Rodin (2017) de Jacques Doillon

Après "Mes Séances de lutte" (2013) le réalisateur Jacques Doillon s'est vu offrir de réaliser un documentaire sur le sculteur Auguste Rodin, mais à force d'y travailler le cinéaste s'est pris à écrire un film scénarisé. Finalement ça sera un biopic dans la tradition française du genre. Quelle bonne idée tant le cinéma ne s'est jamais franchement penché sur le destin d'un des plus grands sculteurs de l'Histoire, préférant même le destin de Camille Claudel. Nous citerons les deux seuls films sur le sujet, "Camille Claudel" (1988) de Bruno Nuytten avec Gérard Depardieu et Isabelle Adjani dans les deux rôles respectifs et dernièrement "Camille Claudel 1915" (2013) de Bruno Dumont avec Juliette Binoche dans le rôle titre... Cette fois le couple d'artistes est incarné par Vincent Lindon en Rodin qui retrouve donc un personnage historique après son rôle de Professeur Charcot dans "Augustine" (2012) de Alice Winocour, et Izia Higelin en Camille Claudel. En prime nous saluons le retour de la comédienne Séverine Caneele, ancienne ouvrière d'usine qui malgré son prix d'interprétation (prix controversé !) à Cannes 1999 n'a pas reçu de suite pour une carrière et, après un retour à l'usine n'aura finalement tourné que dans 5 films.

Rodin (2017) de Jacques Doillon

Le cinéaste a reçu l'appui du Musée Rodin qui a permis d'avoir des pièces artistiques pour appuyer le réalisme des oeuvres et a même pu tourner dans la véritable demeure du sculteur à Meudon. Doillon précise : "Comme la célébration dui centenaire de la mort du sculteur se profilait, ils m'ont proposé d'envisager la réalisation d'un documentaire sur lui. Je connaissais son oeuvre, mais sans plus. J'avais été quelquefois au musée, voilà tout. J'ai accepté dans un premier temps, mais assez vite, j'ai imaginé des scènes de fiction pour mieux "faire revivre l'animal""... L'animal, tout est dit quand on sait que Rodin était surnommé "Bouc sacré" pour ses performances sexuelles. Il semble que Doillon est apprécié ce côté de la personnalité de l'artiste insistant notamment beaucoup sur l'importance du baiser et les modèles nus. Si ils sont certes importants dans son oeuvre on sort malheureusement du film avec le sentiment que Doillon n'a pas pu intéresser et donner du souffle artistique à son film. Vu la thématique c'est bien dommageable.

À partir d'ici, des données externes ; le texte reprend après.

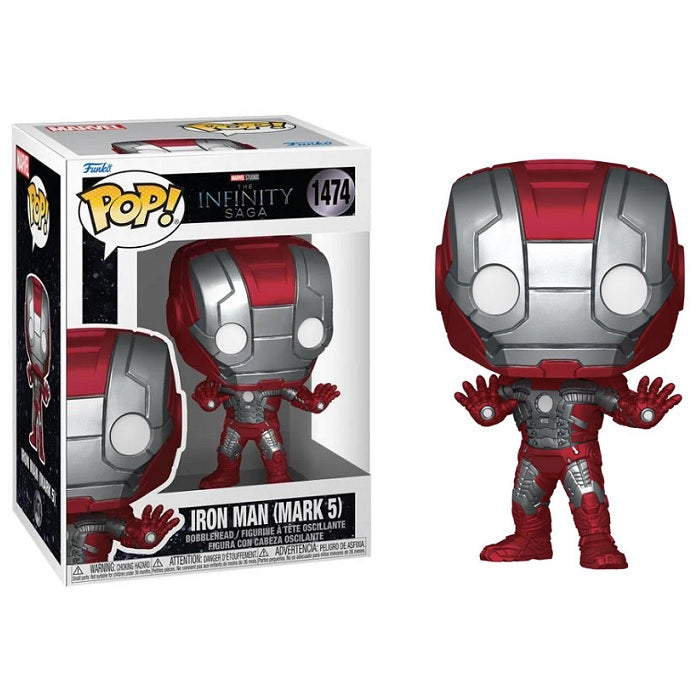 Marvel Studios The Infinity Saga Pop! Vinyl Figure Iron Man Mark 5 [Iron Man 2] [1474] - Fugitive Toys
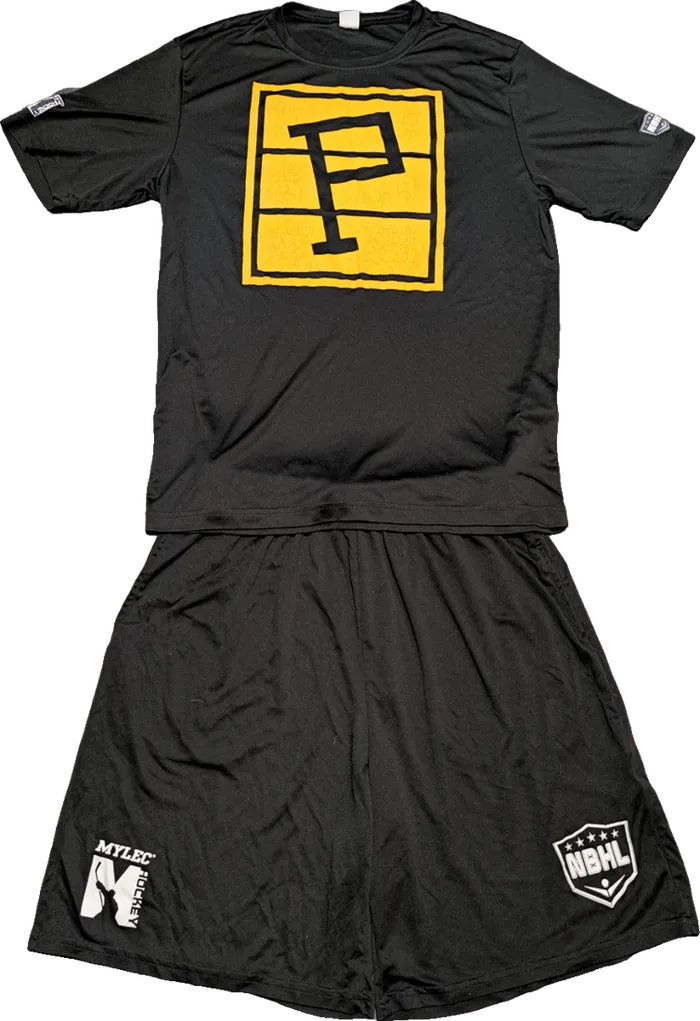 Pittsburgh Pioneers black jersey, front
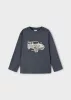 Mayoral fiú hosszú ujjú interaktív felső – terepjáró mintával, kék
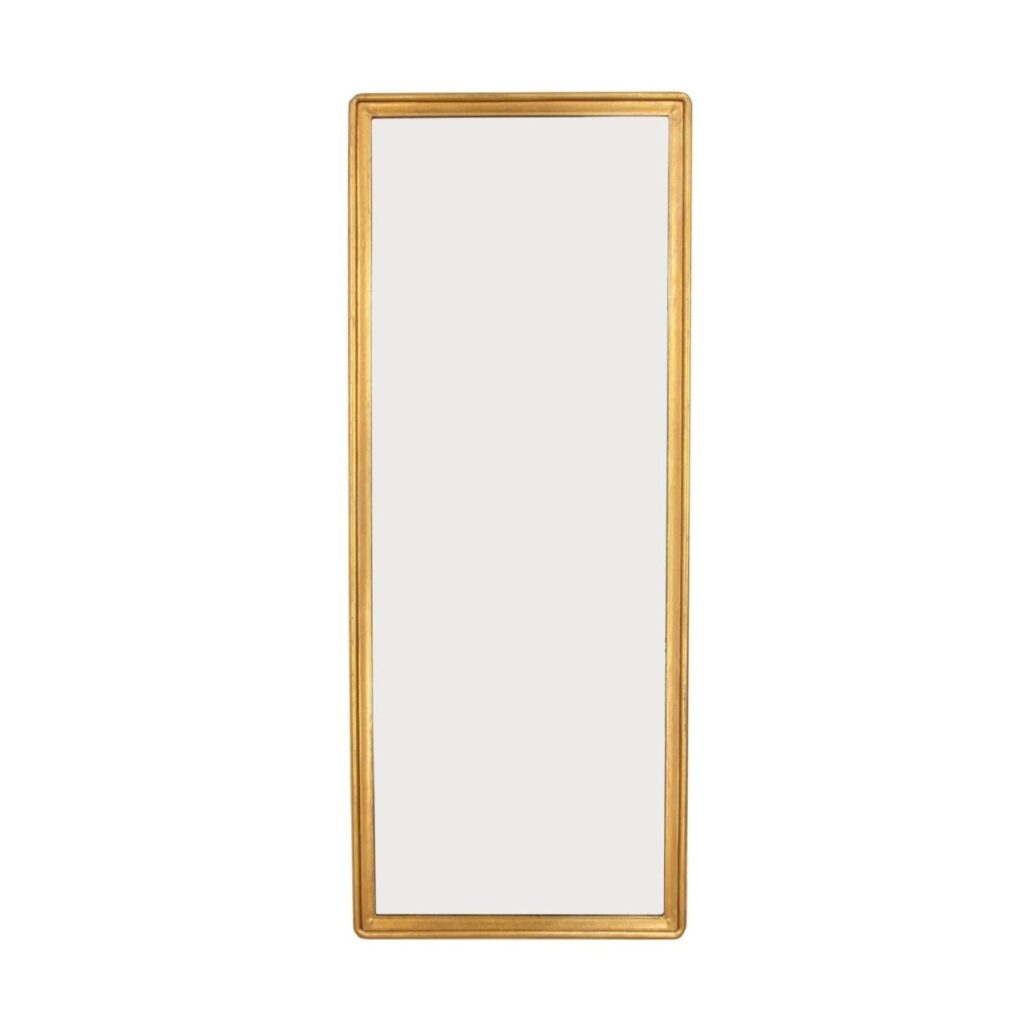 Sana Gold Leaf Floor Mirror- Celline Home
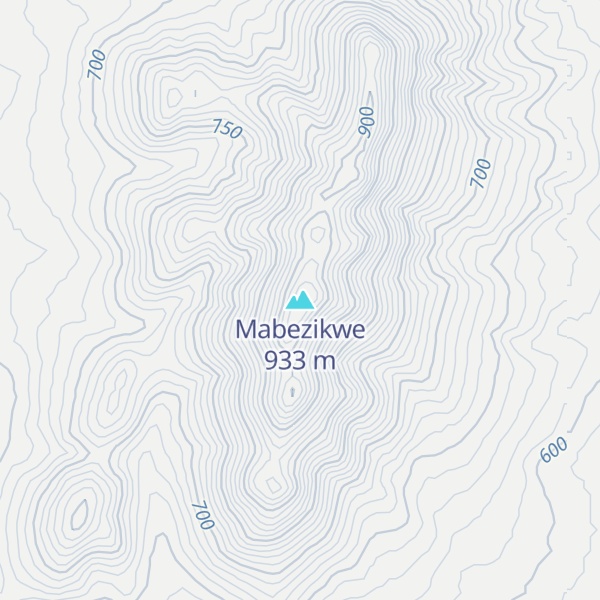 Map of Mabezikwe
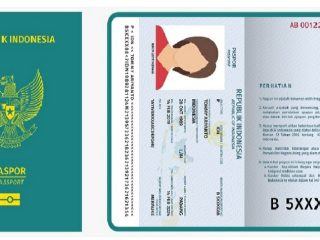 Ilustrasi Paspor Republik Indonesia.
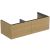 Dulap baza Ideal Standard Conca 120x50x36cm, cu 2 sertare, stejar deschis
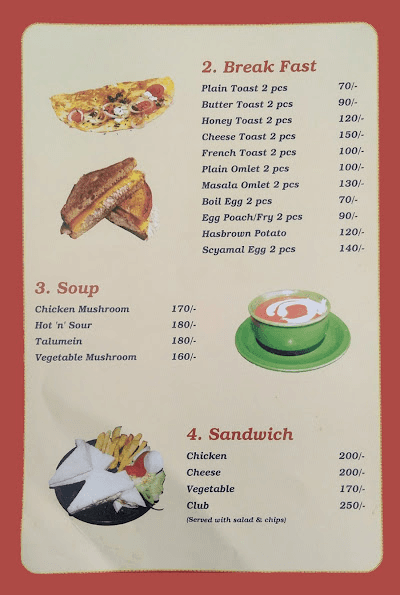 King Cafe & Banquet menu 1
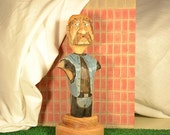 Biker Bust Wood carving by MADellinger Wood Carving figurine makes an excellent Gift for the biker in your life Biker Bust Wood carving by MADellinger Wood Carving figurine makes an excellent Gift for the biker in your life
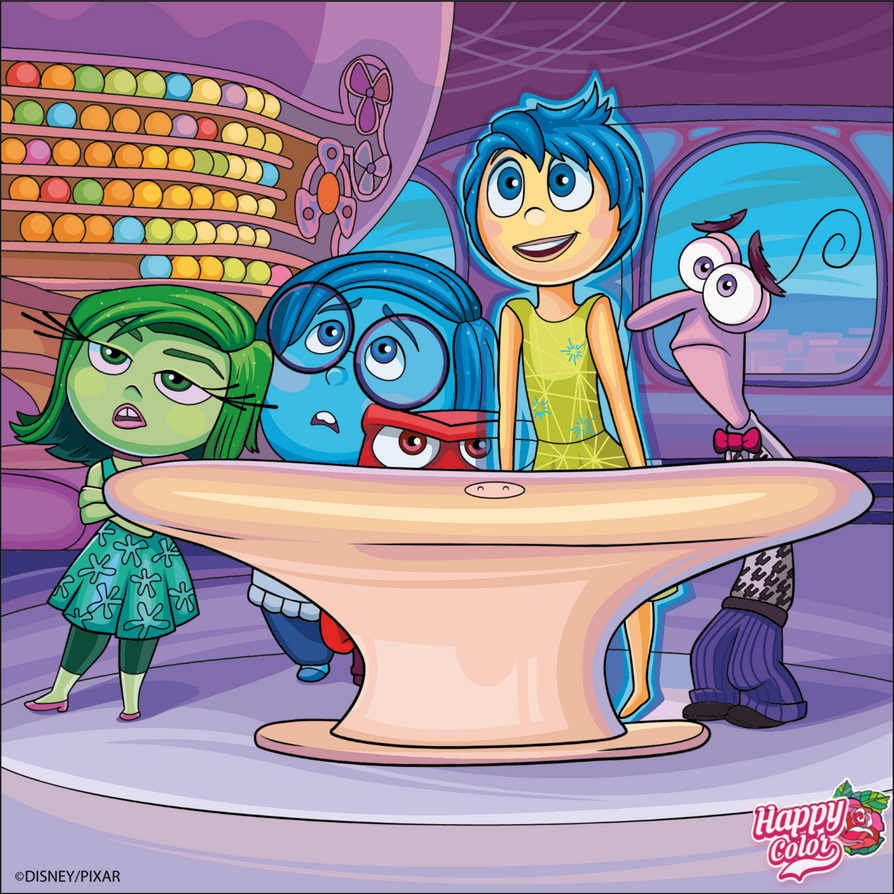 Happy Colour Inside Out Riley's Emotions by Mdwyer5 on DeviantArt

Rodin (2017) de Jacques Doillon

Le film débute avec la précision qu'on commence le récit en 1880, quand on sait que Rodin et Claudel ne se côtoie pas avant 1882 il y a déjà un soucis chronologique. Comme le fait que la statue de Balzac n'est effectuée qu'après le départ de Camille Claudel. Ensuite la période prise en compte est entre 1883 et 1899 environ... Alors comment se fait-il que Rodin ne vieillisse pas ?! Paramètre basique mais aussi naturel que nécessaire et donc erreur stupide. Mais ça reste des erreurs hagiographiques qui ne retirent en rien la dimension historique du film et de l'intérêt pour cet auguste artiste. Lindon est un Rodin solide, voir idéal même si le faire marmonner plutôt que de parler correctement est un choix judicieux et/ou historique valable. De son côté Izia Higelin est merveilleusement investie. Le vrai soucis réside bel et bien dans la direction d'acteur (trop monolithique, peu passionnelle) et dans une mise en scène statique qui ne fait pas vivre l'esprit artistique, trop cloisonnée elle ne rend pas l'art libre et passionnel. On s'ennuie ferme malgré un destin qu'on a envie de connaitre et de comprendre. Dans le genre (biopic d'artistes manuels) on connait bien mieux.